Roma, 4 giugno 2024 –  Marcello Colafigli, uno dei capi storici della Banda della Magliana è stato arrestato nell’ambito di un’operazione antidroga della Direzione distrettuale antimafia nelle province di Roma, Napoli, Foggia e Viterbo. Emesse misure cautelari nei confronti di 28 persone indagate, a vario titolo, di associazione finalizzata al traffico internazionale di stupefacenti, di tentata rapina in concorso, tentata estorsione in concorso, ricettazione e possesso illegale di armi, procurata inosservanza di pena e favoreggiamento personale. Colafigli ha ispirato il personaggio del “Bufalo” nel film e nella serie Tv “Romanzo Criminale”.

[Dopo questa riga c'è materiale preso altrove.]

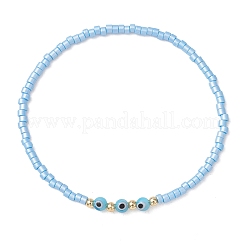 Glass Seed Beads Stretch Bracelets&nbsp;BJEW-MZ00323-01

Le indagini, avviate dai Carabinieri del Nucleo Investigativo di Roma e dirette dalla DDA di Roma nel giugno 2020, hanno permesso di raccogliere gravi elementi indiziari in ordine all’esistenza di un sodalizio criminale, con base logistica nella Capitale e operativo nell’area della Magliana e sul litorale laziale, capeggiato da Marcello Colafigli che, nonostante in regime di semilibertà, era riuscito a pianificare cessioni ed acquisti di ingenti quantitativi di sostanze stupefacenti dall’estero (Spagna e Colombia), mantenendo rapporti con esponenti della ‘ndrangheta, della camorra, della mafia foggiana e con albanesi inseriti in un cartello narcos sudamericano.

Marcello Colafigli, è stato riconosciuto unitamente a Franco Giuseppucci, Enrico De Pedis, Maurizio Abbatino e Nicolino Selis, come uno dei soci fondatori del gruppo criminale noto con il nome Banda della Magliana”. Gravato da più ergastoli, è stato condannato, tra l’altro, per il sequestro e l’omicidio del Duca Massimo Grazioli Lante della Rovere (considerata l’azione con cui la Banda ha iniziato la propria attività criminale) e l’omicidio, come mandante, di Enrico De Pedis. (Fonte: Adnkronos)

(Foto: fotogramma)

Per dovere di cronaca, e a tutela di chi è indagato, ricordiamo che un’accusa non equivale a una condanna, che le prove si formano in Tribunale e che l’ordinamento giudiziario italiano prevede comunque tre gradi di giudizio.